New Critical allows a reader to examine a story based on its elements to express the main idea(s) of an author. This method of literary analysis examines the story only, so the author’s life will be not be examined. For Raymond Carver, the elements he utilized for the story broaden his main idea. Some of these elements include point of view, characterization and symbolism. For Point of View, the husband, referenced as Bub by the blind man, perceives Robert’s visit as an inconvenience. From the moment the husband hears of Robert’s future visit, he’s against the idea. From there on, “Bub” begins judging the blind man based on past experiences that he as seen on television before he actually meets him:
“This blind man, an old friend of my wife’s, he was on his way to spend the night…” “… He was no one I knew. And his being blind bothered me. My idea of blindness came from the movies. In the movies, the blind moved slowly and never laughed…” “…A blind man in my house was not something I looked forward to.” (Coursepack, n.d., p.66) 
“Writers will be judged by what they write.”
— Raymond Carver.
For Characterization, the author shapes the main character of the short story, which is “Bub”, so he reflects the main idea of the short story. He uses the main character to express his theme by actually using Bub as a medium to show what he means. The other characters used are mediums as well but they help shape “Bub” to what the author wants to express. For Symbolism, we notice that many symbols appear throughout the length of the story. They appear at moments where bub learns more about Robert himself. He has these moment of “thought bubbles” where he speaks to himself in his thoughts, reflecting on the blind man and his interests. Although not symbols that reflect non-fictional objects or events in real life, the author’s repetition of these moments makes them a personal symbol. The symbols, on a deeper note, discuss the change in Bub’s views of the blind man:
“…the blind didn’t smoke because, as speculation had it, they couldn’t see the smoke they exhaled. I thought I knew that much and that much only about blind people. But this blind man smoked his cigarette down to the nubbin and then lit another one.” (Course pack, n.d., p.69)
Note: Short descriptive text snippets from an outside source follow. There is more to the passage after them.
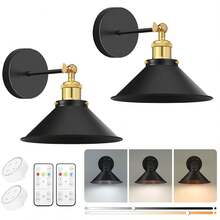 Đèn tường chạy bằng pin, đèn tường kiểu cổ điển, đèn treo tường vận hành bằng pin, đèn treo tường không dây kiểu nhà nông thôn, bộ đơn, có điều khiển từ xa, có thể điều chỉnh độ sáng, thích hợp cho phòng ngủ, hành lang kiểu công nghiệp. - Nhiều màu - Xem 11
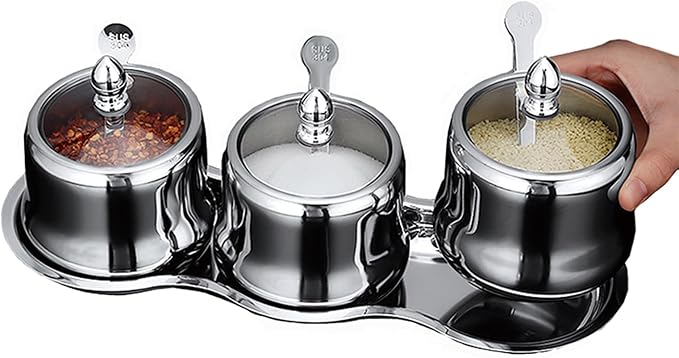 Tenta Tenta Kitchen 18/8 Stainless Steel Seasoning Box Condiment Jar Set Spice Jar Spice Rack Condiment Cruet Bottle Salt Pepper Sugar Storage Organizers with 3 Serving Spoons (Glass Lids)
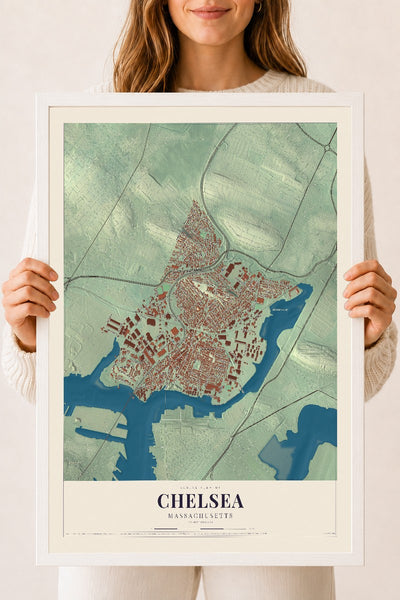 Chelsea, Massachusetts map print - 18 x 24 white Ayous wood frame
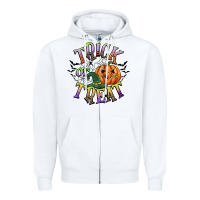 White trick or treat Zipper Hoodie - CowGirlArtShop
This theory of literary analysis is used to examine key factors of a story, whether it be characters, events, or the author. By illustrating key factors in characters and events we can understand the characters, events, etc. better on a psychological level so we get a better understanding what an author wants to express as their main idea in his/her stories. As for Raymond Carver with “Cathedral”, he uses Bub’s human addiction to feel socially part of the rest of the population to reflect how we have grown to naturally accept what society has to say, whether it be stereotypes towards people or actions that give more social stature. For example, Bub’s addictions to certain substances like alcohol, cigarette smoking, illicit drug smoking, his pet peeves one can say, reflect what he wants people to think of him when they see him.

Photo © Raymond Carver
Carver shows through Bub’s personality that society wants the appearance to matter more than the actual grown relations that are made from interactions between people. The author, then, perceives to plot the story so Bub’s personality changes over time. Natural human values, then, become more aware to Bub. From this moment, Carver’s main idea fully develops so it becomes a belief that Carver wants people to read about, which is to judge people for who they are as a person and not what society wants them to look like. We see this in Bub at the end of the story where he fully accept Robert for who he is and not the physical disabilities that affect his social status:

“So we kept on with it. His fingers rode my fingers as my hand went over the paper. It was like nothing else in my life up to now.” (Course Pack, p.73)
Overall, the short story “Cathedral” reflects upon the social interactions of humans and how society shapes what personal image one can make. Carver discusses the fact that people have a tendency to take first impressions into consideration when the personality of a person is what matters most. To this day, the society still shapes the views we have on others, but one always has the choice to judge them by their appearance or their personality.


Carver, Raymond. (1992). Cathedral. Vintage Press.

Hacker, D., & Sommers, N. (n.d.). A writer’s reference with exercises, 7th ed. Boston: Bedford/St. Martins.